Wednesday, April 11, 2012
The Way Home
On the outskirts of Nevada City, we ran into an old friend, Mountain Misery. I knew it by a friendlier name given to it by the Miwok people, Kit-kit-dizze. To botanists, it's a member of the rose family and is called Chamaebatia foliolosa (2nd photo). It's pretty obvious when around this plant that we humans don't all have the same olfactory apparatus. To some, it has a stench; to others, it has a very pleasant, spicy or woodsy aroma. I'm in the latter group. This early in spring, they aren't blooming yet, but when they do, the flowers look very much like those of strawberries.
The third photo is one of the more attractive roadside waterfalls with a lush growth of mosses, ferns, and liverworts on either side. This one was in a canyon between Indian Valley and Camptonville.
The next part of our trip had more to do with lunch and shopping in Nevada City and Grass Valley, and making the hard decision about which way to go home. We opted for more nostalgia and decided to take Highway 20 down to Marysville, then get on 70 and return to Quincy via the Feather River Canyon. Specifically, I wanted to follow up on a rumor that Scarlet Fritillary was blooming in the canyon.

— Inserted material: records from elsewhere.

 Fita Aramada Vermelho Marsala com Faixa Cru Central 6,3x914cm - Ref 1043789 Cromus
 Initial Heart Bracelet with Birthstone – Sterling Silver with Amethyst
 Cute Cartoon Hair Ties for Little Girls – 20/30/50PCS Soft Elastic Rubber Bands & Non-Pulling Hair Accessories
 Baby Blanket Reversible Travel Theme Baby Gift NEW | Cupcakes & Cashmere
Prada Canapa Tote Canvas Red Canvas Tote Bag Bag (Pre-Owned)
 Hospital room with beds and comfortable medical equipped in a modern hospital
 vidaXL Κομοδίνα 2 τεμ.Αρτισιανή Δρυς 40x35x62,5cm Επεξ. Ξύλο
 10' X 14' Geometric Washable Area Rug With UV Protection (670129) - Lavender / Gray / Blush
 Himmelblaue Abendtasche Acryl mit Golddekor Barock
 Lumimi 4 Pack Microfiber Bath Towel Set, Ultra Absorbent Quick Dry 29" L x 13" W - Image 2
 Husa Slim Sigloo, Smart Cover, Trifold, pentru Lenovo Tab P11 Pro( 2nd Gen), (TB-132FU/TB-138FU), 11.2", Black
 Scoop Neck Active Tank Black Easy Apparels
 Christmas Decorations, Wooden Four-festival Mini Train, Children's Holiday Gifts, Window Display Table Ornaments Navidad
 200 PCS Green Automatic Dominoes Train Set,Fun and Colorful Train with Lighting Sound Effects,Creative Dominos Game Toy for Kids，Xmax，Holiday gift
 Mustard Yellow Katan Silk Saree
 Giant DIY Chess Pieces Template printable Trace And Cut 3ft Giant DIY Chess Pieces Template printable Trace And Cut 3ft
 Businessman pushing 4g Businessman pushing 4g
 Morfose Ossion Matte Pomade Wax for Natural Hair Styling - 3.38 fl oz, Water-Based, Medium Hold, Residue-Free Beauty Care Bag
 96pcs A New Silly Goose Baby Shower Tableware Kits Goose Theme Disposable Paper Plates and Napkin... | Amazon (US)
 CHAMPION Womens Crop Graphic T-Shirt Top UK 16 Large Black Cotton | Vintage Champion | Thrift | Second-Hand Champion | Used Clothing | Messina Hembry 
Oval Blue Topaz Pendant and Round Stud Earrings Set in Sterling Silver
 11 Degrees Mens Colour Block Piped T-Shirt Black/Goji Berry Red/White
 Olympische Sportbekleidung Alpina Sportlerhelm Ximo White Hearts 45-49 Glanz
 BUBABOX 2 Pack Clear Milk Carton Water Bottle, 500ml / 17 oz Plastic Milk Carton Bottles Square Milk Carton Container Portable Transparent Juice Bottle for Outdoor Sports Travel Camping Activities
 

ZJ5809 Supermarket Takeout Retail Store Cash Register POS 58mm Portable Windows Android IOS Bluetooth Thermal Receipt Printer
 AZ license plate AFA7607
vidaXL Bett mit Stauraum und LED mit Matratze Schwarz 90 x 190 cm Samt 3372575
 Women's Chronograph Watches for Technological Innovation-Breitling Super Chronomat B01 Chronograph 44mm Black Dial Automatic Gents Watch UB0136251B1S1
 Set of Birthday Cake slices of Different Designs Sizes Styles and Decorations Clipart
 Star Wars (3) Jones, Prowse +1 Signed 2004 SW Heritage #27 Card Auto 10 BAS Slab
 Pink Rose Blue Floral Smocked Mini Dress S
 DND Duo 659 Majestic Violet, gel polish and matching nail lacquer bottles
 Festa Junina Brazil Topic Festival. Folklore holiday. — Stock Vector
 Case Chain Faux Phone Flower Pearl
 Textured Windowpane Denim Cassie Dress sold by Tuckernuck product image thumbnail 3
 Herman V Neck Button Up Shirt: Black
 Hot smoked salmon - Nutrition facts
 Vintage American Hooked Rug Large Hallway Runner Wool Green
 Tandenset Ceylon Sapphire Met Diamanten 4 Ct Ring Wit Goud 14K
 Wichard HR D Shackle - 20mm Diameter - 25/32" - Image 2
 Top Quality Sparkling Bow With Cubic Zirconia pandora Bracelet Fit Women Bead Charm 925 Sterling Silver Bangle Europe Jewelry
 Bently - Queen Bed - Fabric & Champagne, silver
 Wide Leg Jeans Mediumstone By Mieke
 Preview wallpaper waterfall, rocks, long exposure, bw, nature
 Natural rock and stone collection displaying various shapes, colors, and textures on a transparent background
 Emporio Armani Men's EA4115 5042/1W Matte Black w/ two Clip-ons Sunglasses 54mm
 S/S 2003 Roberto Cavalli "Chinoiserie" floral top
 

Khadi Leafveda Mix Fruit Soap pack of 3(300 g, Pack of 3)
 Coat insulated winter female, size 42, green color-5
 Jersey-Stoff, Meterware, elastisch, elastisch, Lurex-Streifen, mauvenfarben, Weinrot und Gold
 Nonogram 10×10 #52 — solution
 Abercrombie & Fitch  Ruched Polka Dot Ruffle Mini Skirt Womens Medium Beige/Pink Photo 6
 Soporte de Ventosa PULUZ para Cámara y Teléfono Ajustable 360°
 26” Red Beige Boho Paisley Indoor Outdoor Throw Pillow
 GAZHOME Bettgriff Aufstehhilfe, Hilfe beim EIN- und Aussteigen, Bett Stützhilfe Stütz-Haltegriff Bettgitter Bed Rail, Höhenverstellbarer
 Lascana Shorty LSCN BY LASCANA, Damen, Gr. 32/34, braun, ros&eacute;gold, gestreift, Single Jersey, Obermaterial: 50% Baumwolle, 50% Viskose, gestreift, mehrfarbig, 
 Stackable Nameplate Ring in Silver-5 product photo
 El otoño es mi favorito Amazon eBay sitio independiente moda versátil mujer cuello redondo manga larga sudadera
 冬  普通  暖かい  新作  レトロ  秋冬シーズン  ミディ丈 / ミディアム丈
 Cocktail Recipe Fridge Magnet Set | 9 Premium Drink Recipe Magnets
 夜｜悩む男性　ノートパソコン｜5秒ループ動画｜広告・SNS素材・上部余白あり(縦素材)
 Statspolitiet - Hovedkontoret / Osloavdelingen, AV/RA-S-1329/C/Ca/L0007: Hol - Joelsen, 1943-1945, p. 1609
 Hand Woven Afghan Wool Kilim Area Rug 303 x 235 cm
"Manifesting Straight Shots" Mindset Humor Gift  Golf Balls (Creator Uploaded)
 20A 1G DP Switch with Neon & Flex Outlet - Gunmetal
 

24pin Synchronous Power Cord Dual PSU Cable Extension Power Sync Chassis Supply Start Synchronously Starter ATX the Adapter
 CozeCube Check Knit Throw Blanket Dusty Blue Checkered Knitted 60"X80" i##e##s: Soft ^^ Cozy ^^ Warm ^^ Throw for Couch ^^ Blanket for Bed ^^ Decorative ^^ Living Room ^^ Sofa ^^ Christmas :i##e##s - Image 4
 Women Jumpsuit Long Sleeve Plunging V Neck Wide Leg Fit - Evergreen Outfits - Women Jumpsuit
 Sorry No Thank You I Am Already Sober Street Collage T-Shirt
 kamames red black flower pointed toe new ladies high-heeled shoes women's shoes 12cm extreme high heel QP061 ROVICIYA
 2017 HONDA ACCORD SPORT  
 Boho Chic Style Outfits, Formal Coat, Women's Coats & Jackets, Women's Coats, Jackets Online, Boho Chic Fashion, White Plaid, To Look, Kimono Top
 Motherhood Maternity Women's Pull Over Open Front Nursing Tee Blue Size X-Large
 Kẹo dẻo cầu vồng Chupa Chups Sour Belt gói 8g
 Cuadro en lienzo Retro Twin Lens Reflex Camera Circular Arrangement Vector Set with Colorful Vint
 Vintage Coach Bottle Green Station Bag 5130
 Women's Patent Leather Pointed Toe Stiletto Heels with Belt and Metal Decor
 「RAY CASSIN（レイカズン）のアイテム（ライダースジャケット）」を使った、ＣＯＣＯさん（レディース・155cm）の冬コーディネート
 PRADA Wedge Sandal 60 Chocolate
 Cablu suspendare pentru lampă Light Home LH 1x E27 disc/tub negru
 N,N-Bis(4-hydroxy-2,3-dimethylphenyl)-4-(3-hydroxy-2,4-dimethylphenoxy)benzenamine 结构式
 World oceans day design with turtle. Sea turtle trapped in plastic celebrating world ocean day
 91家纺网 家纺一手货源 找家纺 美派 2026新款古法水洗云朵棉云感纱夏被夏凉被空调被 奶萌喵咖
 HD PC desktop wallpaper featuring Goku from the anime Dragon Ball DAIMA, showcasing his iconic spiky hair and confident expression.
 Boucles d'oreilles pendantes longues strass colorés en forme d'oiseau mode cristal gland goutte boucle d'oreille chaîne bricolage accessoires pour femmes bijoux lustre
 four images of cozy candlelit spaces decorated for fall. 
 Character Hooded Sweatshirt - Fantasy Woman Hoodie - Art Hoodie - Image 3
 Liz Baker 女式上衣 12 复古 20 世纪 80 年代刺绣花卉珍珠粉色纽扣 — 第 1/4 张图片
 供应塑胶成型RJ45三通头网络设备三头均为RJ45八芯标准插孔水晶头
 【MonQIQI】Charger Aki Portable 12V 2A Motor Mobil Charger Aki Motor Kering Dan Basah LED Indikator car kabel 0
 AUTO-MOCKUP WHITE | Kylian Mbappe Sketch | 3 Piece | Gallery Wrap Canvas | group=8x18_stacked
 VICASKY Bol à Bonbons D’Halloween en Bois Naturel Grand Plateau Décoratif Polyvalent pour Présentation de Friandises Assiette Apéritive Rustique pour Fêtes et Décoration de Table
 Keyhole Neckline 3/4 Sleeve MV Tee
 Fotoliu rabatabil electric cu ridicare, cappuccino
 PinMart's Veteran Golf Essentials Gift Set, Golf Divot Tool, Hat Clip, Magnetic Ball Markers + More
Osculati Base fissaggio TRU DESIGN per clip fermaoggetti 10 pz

I had to make one little detour to take in the tiny communities of Smartsville and Timbuctu. Between the two towns, I found a nice crop of Blue Dicks (4th photo) by the roadside. This is one of the many lily-like plants once named Brodiaea captitatum, and placed squarely in the lily family, but now known as Dichelostemma capitatum and moved into the Asparagaceae. I'm working on a pamphlet I'll call "Those Elusive Lilioids" and Blue Dicks will play a starring role in the story.
After refreshments in Marysville, we headed north and entered the Feather River Canyon past Oroville. As we descended from Jarbo Gap, a bright orange cluster of flowers got my attention on a dangerous curve. I managed a safe stop and hiked back to find a lone Wallflower, Erysimum capitatum, on the roadside overlooking the Feather River far below. (5th and 6th photos above) The characteristic four petals are why it was originally in the family Cruciferae. It's still in the same family, the mustard family, but its new technical name is Brassicaceae. In this part of the canyon they are bright orange, but the closer we got to Quincy, the more likely they were yellow.
On my way back to the car, I kept my view close to the ground in search of Grass Pinks, Petrorhagia dubia, a successfully naturalized member of the Family Carophyllaceae. I found a few with pinkish buds, but none opened yet. I did stumble across a nice specimen of Paintbrush however. (7th photo) Finally, the reason I chose to come home via the canyon: near the former Indian Jim School I found a patch of Scarlet Fritillary on the left side of the road at a very bad place to stop. I have photographed them here before, so I knew to drive another hundred yards or so toward safer parking and hike back. I got a dozen photos when my camera notified me that my card was full. Close call. These are beautiful flowers, and they are still lilies: Fritillaria recurva.